╭──

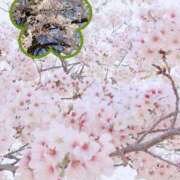 かなえ かなえの休日(つよつよ日＆にちよーびに備えて) 水戸人妻花壇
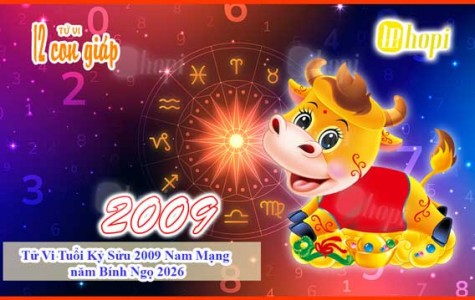 Tử Vi Tuổi Kỷ Sửu 2009 Nam Mạng năm Bính Ngọ 2026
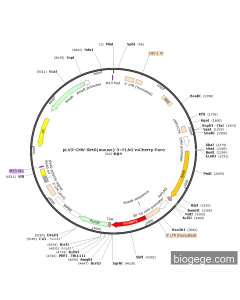 pLV3-CMV-Sirt6(mouse)-3×FLAG-mCherry-Puro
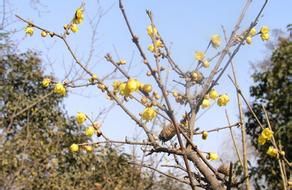 ��÷����ֳ����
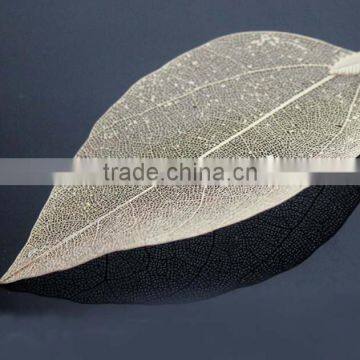 Zm33721a New Model Fancy Ladies Leaf Design Drop Earrings for Party Girls photo-3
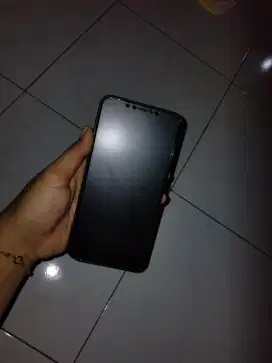 ip 11 promax 256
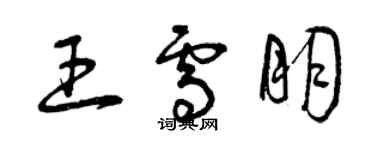 曾庆福王雪朋草书个性签名怎么写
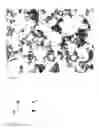 Fig. 13 - Detection, screening, and diagnosis of HPV-associated cancers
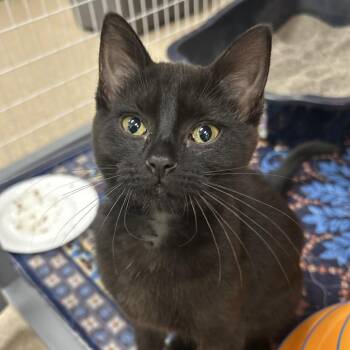 Punky Mewster -  Domestic Short Hair Cat for Adoption in Oshkosh, Wisconsin - Punky Mewster | PetCurious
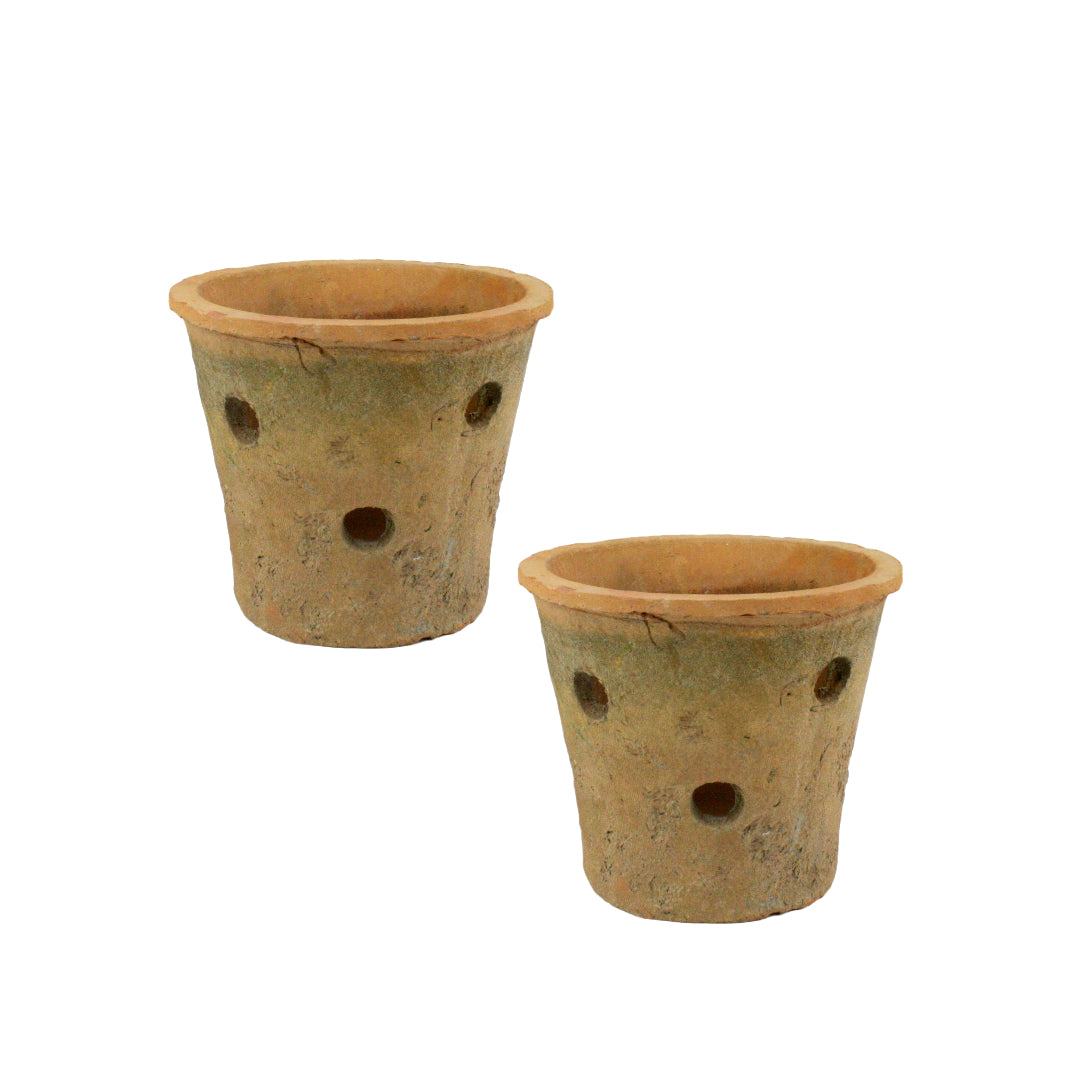 rustic terracotta plant pots Aged Terra Cotta Orchid Pot, Set of 2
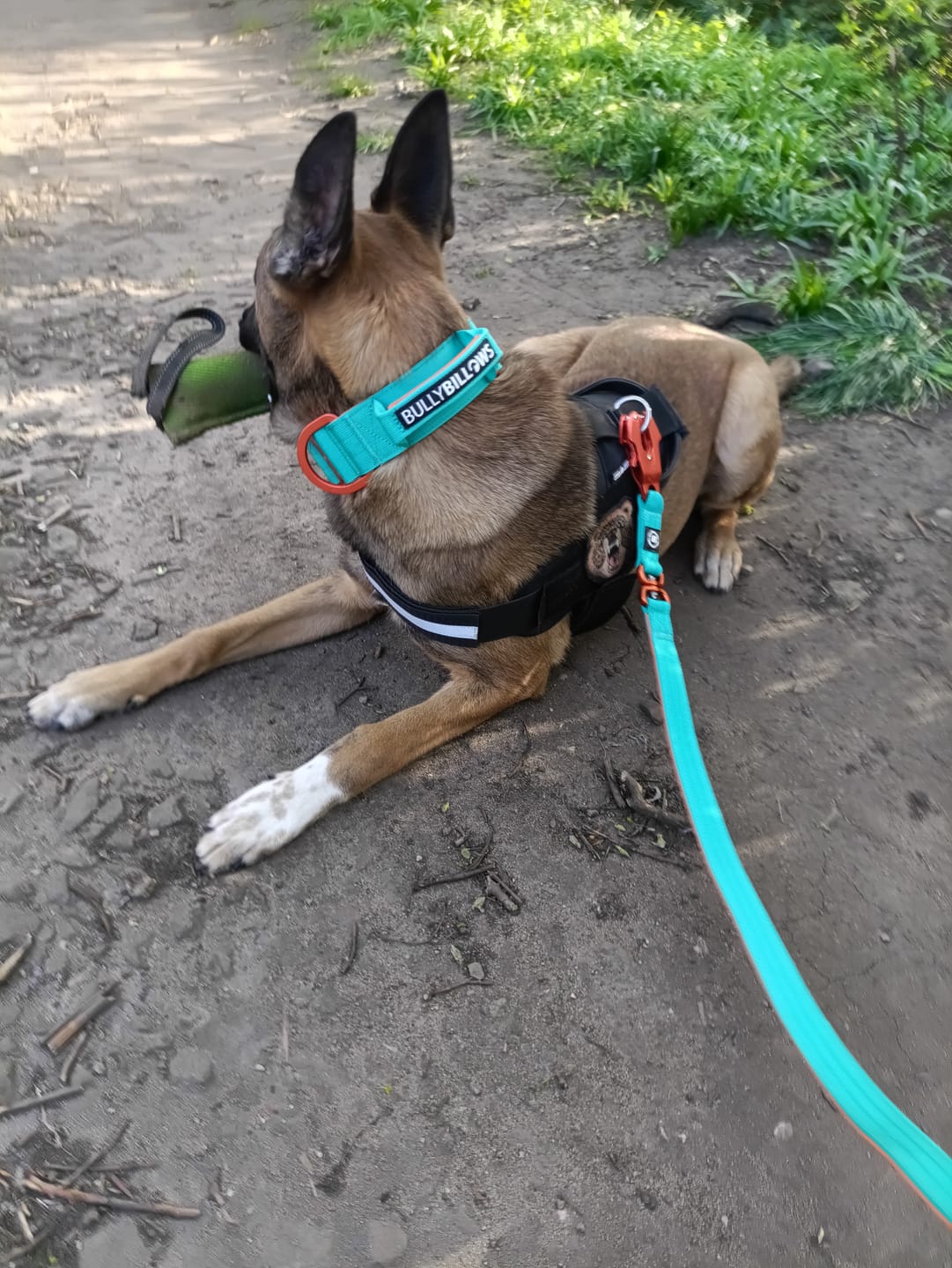 Customer photo review of 1.4m Lighter Swivel Combat Lead | Anti-Tangle & Secure Clip - Turquoise x Orange
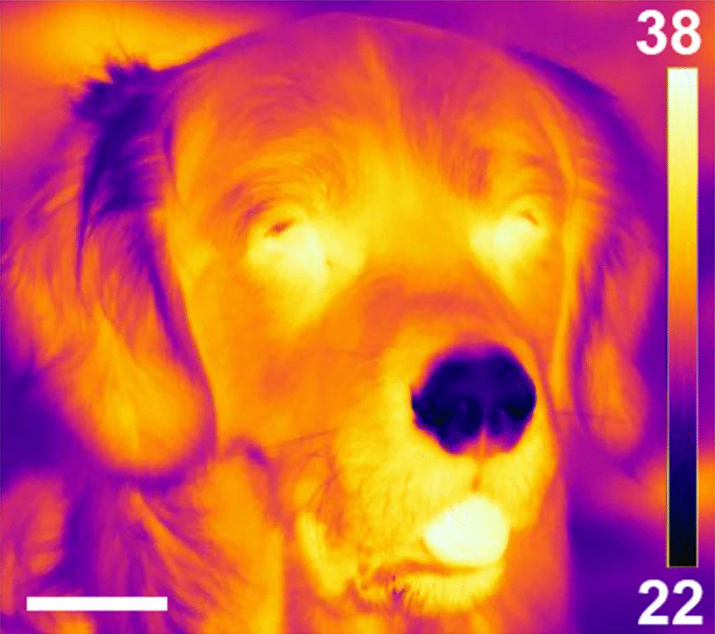 dog heat 2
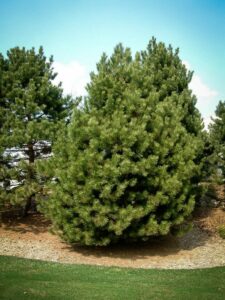 Сосна Чёрная (Pinus Nigra) купить по цене от 270.00р. в интернет-магазине «Посадика» с доставкой почтой в в Новомосковске и по всей России – [изображение №1].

╰──

What you should do: The result should be a verbatim copy of the data, free of pictures.

Completed exercise:
 かなえ かなえの休日(つよつよ日＆にちよーびに備えて) 水戸人妻花壇
 Tử Vi Tuổi Kỷ Sửu 2009 Nam Mạng năm Bính Ngọ 2026
 pLV3-CMV-Sirt6(mouse)-3×FLAG-mCherry-Puro
 ��÷����ֳ����
 Zm33721a New Model Fancy Ladies Leaf Design Drop Earrings for Party Girls photo-3
 ip 11 promax 256
 曾庆福王雪朋草书个性签名怎么写
 Fig. 13 - Detection, screening, and diagnosis of HPV-associated cancers
 Punky Mewster -  Domestic Short Hair Cat for Adoption in Oshkosh, Wisconsin - Punky Mewster | PetCurious
 rustic terracotta plant pots Aged Terra Cotta Orchid Pot, Set of 2
 Customer photo review of 1.4m Lighter Swivel Combat Lead | Anti-Tangle & Secure Clip - Turquoise x Orange
 dog heat 2
 Сосна Чёрная (Pinus Nigra) купить по цене от 270.00р. в интернет-магазине «Посадика» с доставкой почтой в в Новомосковске и по всей России – [изображение №1].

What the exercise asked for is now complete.